David, now 83, a Vienna native who fled to British-occupied Palestine in 1939 after Hitler annexed Austria, is a legend in Israel and in the world of photojournalism. He along with his beloved late wife Anni, a researcher, have been pillars of TIME's foreign reporting staff for something like a half century. The occasions I've had to cover Israel are among the most rewarding professional experiences I've had especially for the chance to hang out--and learn from-- David and Anni, a Holocaust survivor. They could tell you the history of the birth and development of Israel as if they were fascinating personal stories; for them, they were.
There's no better history of Israel's six decades than David's vast archive of photographs. He's been a powerful and compassionate witness to all of it. Shimon Peres calls him "the photographer of the nation in the making." He's covered all the wars, the lives of statesmen and the triumphs and tragedies of ordinary people. He snapped David Ben-Gurion at the front and Golda Meir in her kitchen. You can't help be moved, whether you're Israeli or not, by one of his most famous pictures, the portrait of the three young Israeli paratroopers at the Western Wall after capturing the Old City of Jerusalem in the Six Day War. David was awarded the prestigious Israel Prize in 1997 for his contributions to Israeli society.
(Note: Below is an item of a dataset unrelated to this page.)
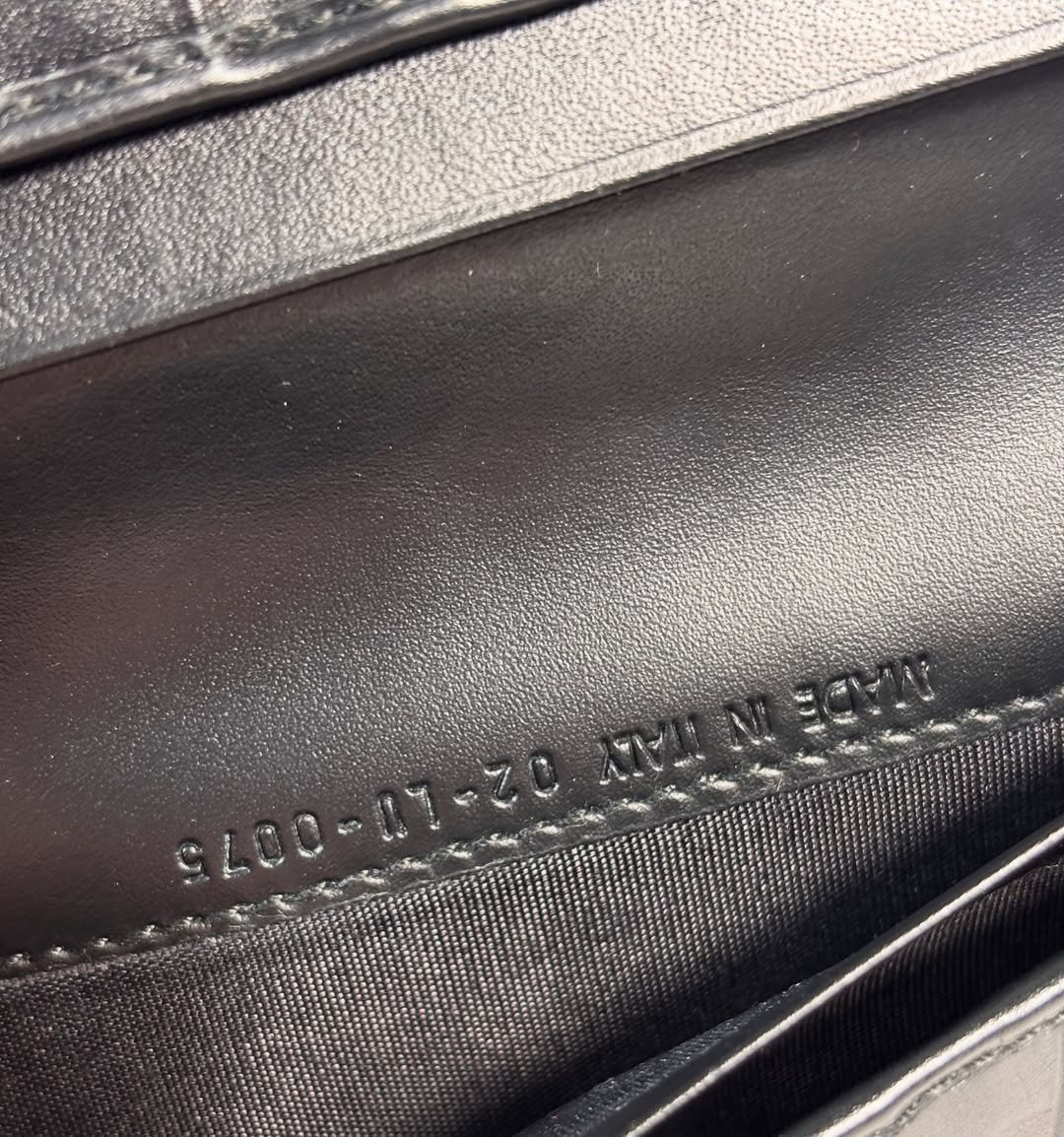Gorgeous Oblique Saddle Wallet - Image 9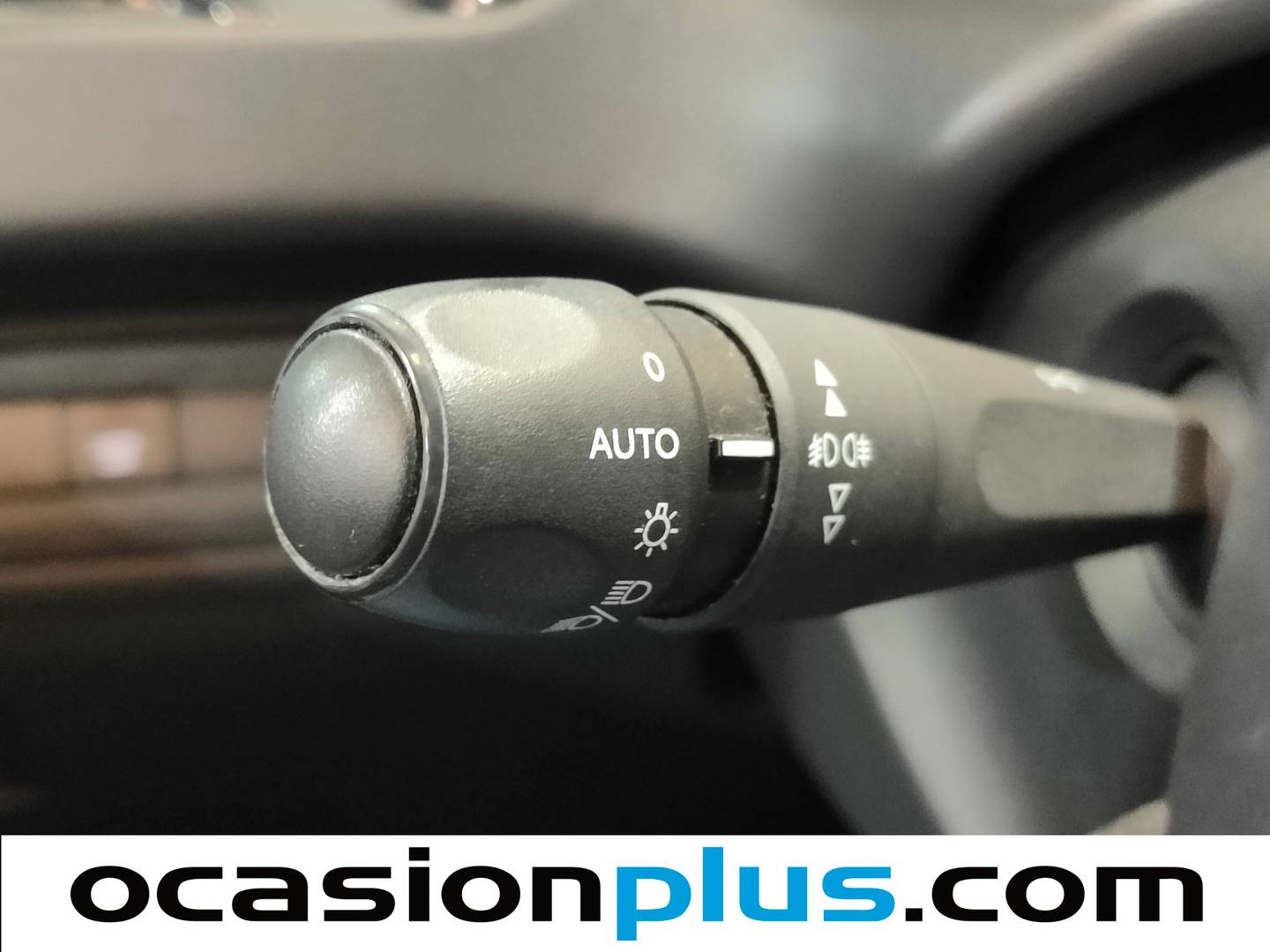 Extras del Peugeot 208 Peugeot 208 5P Signature 1.2L PureTech (82CV)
Apologies for the cliche, but on top of it David's a star who's also a great guy. Humanity oozes out of him. David not only seems to know everybody in Israel, but he has their cell phone number. One of the last times I worked with him, in the Palestinian Gaza Strip, we were spending some time over lunch or something. He noticed that I had been taking some happy snaps with my pocket camera so he spent the meal giving me a tutorial about how to improve my images.
I remember how delighted David seemed to be when I suddenly came back with a small scoop of my own one day: a photograph of the Palestinian guerrilla leader Abul Abbas (of Achille Lauro notoriety) reading an Israeli newspaper, the Jerusalem Post. This was well before I ever discovered digital, and David insisted on taking my film all the way back to Jerusalem, developing it in the darkroom himself, and transmitting an image to New York.
That's a little story about David Rubinger.